Eglises d'Asie

Des récepteurs radios fournis par le gouvernement aux minorités ethniques captent avec une grande clarté les émissions religieuses en provenance de Manille

Publié le 18/03/2010




Un article publié dans la revue officielle des jeunes communistes Thanh Niên (Jeunesse) (24) montre comment la politique d’aide pratiquée par le Parti et l’Etat à l’égard des minorités ethniques des régions montagneuses du Vietnam a pu quelquefois contribuer d’une façon tout à fait indirecte aux progrès de l’évangélisation dans ces milieux. En l’occurrence, le journal raconte comment des récepteurs-radios vendus à bas prix aux montagnards, grâce à des subventions gouvernementales, ont été les instruments de cette aide involontaire des autorités à la diffusion de la religion.

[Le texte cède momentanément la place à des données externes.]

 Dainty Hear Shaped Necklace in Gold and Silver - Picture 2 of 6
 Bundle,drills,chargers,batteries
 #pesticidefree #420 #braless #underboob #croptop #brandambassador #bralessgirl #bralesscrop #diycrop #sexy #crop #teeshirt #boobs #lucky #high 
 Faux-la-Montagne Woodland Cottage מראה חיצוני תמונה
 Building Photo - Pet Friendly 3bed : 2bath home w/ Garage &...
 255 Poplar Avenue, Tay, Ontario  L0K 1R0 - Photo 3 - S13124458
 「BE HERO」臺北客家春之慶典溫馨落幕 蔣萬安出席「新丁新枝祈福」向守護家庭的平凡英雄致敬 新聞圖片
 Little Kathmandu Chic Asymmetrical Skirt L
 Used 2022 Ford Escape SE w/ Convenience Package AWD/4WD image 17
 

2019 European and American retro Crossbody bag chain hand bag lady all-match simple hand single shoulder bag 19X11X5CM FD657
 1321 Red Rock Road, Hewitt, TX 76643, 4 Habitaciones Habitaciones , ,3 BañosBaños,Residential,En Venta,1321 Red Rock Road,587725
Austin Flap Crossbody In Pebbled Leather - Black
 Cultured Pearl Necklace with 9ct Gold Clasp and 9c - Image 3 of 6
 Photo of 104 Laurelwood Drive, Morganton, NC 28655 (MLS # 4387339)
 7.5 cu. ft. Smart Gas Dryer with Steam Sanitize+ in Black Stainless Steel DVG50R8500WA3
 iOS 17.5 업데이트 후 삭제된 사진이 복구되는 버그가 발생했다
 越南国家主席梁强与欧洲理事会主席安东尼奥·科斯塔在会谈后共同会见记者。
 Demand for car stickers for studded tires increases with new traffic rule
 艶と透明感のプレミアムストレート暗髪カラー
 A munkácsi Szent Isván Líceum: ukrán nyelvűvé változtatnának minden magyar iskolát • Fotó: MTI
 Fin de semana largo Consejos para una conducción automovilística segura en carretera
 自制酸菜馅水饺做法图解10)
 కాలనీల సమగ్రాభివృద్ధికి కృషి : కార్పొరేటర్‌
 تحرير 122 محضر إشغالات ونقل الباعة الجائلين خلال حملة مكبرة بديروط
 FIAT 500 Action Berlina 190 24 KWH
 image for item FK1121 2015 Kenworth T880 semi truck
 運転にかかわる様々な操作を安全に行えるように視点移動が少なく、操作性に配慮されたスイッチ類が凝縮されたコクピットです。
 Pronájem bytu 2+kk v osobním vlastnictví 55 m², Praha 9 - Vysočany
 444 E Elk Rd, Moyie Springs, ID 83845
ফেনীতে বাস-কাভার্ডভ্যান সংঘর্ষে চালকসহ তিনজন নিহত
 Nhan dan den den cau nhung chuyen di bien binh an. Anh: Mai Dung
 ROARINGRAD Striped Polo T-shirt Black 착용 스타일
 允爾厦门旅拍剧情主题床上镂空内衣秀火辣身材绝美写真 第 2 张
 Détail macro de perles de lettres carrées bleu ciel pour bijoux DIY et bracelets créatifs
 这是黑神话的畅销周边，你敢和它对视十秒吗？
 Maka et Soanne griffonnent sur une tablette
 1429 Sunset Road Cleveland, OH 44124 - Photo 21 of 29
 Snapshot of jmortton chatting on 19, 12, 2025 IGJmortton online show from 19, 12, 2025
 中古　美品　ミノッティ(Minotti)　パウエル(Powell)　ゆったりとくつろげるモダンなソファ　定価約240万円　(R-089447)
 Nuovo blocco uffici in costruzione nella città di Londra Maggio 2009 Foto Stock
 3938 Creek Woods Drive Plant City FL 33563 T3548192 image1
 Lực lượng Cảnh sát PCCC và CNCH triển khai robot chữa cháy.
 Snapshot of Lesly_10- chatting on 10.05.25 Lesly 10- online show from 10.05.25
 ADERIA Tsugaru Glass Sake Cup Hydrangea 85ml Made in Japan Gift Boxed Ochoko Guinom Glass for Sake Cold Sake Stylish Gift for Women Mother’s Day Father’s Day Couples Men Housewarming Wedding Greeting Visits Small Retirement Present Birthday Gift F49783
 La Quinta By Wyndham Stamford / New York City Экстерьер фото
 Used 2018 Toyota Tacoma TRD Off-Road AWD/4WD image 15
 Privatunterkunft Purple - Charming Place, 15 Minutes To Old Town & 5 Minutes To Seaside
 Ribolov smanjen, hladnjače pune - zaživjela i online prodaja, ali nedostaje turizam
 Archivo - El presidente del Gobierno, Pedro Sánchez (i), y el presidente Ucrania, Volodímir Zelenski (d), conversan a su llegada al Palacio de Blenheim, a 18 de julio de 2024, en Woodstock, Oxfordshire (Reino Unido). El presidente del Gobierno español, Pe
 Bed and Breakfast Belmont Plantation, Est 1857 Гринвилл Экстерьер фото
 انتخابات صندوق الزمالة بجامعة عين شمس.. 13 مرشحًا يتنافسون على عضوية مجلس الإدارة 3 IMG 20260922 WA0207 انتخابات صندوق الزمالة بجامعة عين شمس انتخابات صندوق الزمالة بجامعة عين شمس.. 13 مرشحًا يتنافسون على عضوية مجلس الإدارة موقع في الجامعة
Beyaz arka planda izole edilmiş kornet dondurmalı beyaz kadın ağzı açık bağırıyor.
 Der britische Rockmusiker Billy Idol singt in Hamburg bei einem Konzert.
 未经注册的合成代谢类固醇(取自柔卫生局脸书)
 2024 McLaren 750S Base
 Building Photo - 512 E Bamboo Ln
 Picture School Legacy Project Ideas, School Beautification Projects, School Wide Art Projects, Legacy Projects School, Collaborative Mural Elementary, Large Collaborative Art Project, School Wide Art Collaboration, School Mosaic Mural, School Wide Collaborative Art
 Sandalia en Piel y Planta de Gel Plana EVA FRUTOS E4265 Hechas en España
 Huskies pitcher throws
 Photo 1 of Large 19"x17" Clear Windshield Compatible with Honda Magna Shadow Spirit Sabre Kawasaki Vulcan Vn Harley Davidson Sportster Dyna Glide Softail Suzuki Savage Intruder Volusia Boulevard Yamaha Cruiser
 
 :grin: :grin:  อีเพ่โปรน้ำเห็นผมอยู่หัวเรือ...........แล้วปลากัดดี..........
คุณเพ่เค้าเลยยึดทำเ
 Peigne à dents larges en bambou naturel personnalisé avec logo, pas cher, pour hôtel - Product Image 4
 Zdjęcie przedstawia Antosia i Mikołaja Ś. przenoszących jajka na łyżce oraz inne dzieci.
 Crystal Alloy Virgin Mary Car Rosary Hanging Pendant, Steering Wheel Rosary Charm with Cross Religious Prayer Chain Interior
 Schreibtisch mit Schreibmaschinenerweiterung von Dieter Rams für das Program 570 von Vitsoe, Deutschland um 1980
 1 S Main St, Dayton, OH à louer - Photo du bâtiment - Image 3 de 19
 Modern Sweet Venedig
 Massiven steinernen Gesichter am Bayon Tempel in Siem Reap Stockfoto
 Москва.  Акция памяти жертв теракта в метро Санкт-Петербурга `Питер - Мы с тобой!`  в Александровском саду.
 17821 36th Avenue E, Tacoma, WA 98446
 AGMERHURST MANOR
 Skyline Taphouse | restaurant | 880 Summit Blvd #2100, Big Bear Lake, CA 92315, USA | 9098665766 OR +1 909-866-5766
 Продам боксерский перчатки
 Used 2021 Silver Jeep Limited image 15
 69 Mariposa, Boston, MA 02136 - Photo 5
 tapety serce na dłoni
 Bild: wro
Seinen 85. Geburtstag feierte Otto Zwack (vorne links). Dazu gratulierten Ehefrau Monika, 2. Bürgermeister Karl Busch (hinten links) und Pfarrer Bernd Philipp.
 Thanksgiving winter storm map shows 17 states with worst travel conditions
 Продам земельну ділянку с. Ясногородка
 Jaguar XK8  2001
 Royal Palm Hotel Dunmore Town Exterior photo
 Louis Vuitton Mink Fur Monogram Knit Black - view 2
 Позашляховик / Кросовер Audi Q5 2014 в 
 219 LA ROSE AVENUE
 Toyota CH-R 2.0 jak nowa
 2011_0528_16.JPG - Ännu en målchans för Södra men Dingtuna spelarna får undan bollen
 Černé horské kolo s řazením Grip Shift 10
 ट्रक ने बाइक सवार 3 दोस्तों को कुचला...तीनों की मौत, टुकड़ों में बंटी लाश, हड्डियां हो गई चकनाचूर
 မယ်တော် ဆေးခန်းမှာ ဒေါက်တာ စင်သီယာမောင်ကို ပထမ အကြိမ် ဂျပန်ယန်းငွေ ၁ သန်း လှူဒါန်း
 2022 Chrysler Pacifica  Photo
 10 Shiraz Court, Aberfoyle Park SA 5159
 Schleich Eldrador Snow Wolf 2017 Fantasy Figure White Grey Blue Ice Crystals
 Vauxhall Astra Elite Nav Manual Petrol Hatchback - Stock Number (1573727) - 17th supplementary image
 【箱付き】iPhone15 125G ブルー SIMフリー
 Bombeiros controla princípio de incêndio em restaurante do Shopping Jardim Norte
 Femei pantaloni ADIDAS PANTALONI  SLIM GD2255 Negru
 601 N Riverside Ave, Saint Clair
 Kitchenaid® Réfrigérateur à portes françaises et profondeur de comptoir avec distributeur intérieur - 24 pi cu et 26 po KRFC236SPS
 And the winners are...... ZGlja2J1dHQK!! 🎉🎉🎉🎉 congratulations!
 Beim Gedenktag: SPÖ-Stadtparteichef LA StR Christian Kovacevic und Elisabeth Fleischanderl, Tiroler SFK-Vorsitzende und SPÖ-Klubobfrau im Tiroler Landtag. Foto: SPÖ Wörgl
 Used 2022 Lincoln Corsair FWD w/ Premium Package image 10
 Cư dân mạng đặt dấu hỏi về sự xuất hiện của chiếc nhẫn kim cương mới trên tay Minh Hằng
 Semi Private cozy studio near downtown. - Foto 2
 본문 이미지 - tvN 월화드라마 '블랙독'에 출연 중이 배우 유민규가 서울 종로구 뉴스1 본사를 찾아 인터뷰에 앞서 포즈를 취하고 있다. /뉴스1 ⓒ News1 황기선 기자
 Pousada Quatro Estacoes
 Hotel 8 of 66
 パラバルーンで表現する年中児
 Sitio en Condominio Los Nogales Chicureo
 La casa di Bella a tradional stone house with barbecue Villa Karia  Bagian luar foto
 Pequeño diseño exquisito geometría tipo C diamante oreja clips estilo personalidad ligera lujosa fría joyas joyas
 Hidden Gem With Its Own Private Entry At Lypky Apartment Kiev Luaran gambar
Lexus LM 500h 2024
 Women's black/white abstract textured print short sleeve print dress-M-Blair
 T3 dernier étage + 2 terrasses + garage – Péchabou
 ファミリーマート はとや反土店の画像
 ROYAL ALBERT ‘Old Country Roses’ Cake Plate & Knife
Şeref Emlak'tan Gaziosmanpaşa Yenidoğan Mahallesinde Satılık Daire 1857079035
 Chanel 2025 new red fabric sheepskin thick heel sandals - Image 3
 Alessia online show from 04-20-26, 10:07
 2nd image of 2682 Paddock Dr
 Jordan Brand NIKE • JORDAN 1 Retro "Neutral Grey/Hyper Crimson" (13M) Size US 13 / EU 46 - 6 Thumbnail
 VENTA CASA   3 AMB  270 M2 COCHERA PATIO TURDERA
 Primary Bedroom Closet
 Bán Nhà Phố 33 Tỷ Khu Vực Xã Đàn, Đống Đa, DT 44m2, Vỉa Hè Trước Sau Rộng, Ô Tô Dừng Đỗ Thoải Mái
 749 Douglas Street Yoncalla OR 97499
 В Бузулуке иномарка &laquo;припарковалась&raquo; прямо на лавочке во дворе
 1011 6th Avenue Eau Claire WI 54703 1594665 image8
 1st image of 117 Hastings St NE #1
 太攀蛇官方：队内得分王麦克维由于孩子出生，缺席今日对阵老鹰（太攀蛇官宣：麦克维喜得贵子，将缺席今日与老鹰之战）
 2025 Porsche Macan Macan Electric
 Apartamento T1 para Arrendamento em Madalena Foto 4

En 1998, sur la proposition de la Commission des ethnies montagnardes, le gouvernement vietnamien décida de mettre en ouvre un vaste programme de diffusion et de vente d’appareils récepteurs-radios à prix réduit pour les populations des régions montagnardes, une politique déjà expérimentée l’année précédente dans les provinces de Ha Giang et Cao Bang. Pour chaque poste vendu, l’Etat fournirait une somme de 100 000 à 125 000 dôngs (50 à 62 francs français). Au total, l’Etat décidait de débloquer un crédit de 12 milliards de dôngs (6 millions de francs) destiné à subventionner la vente à prix réduit de 105 687 postes récepteurs aux populations montagnardes de 10 provinces. Pour les autorités de l’Etat et du Parti, affirme l’article de Thanh Niên, ce projet revêtait une signification hautement politique, ce qui laisse penser qu’il avait pour objectif de renforcer l’influence du gouvernement dans ces régions éloignées.

Bien que le décret indiquant le mode de fabrication et de diffusion de ces postes ait prévu que la réalisation de ce projet ferait l’objet d’une adjudication publique, en réalité, après quelques tractations à l’amiable, elle fut confiée purement et simplement à quatre sociétés dont les noms sont énumérés dans l’article de Thanh Niên. Chacune d’entre elles fut chargée de produire et de vendre un certain nombre de récepteurs-radios à prix réduit pour une région déterminée.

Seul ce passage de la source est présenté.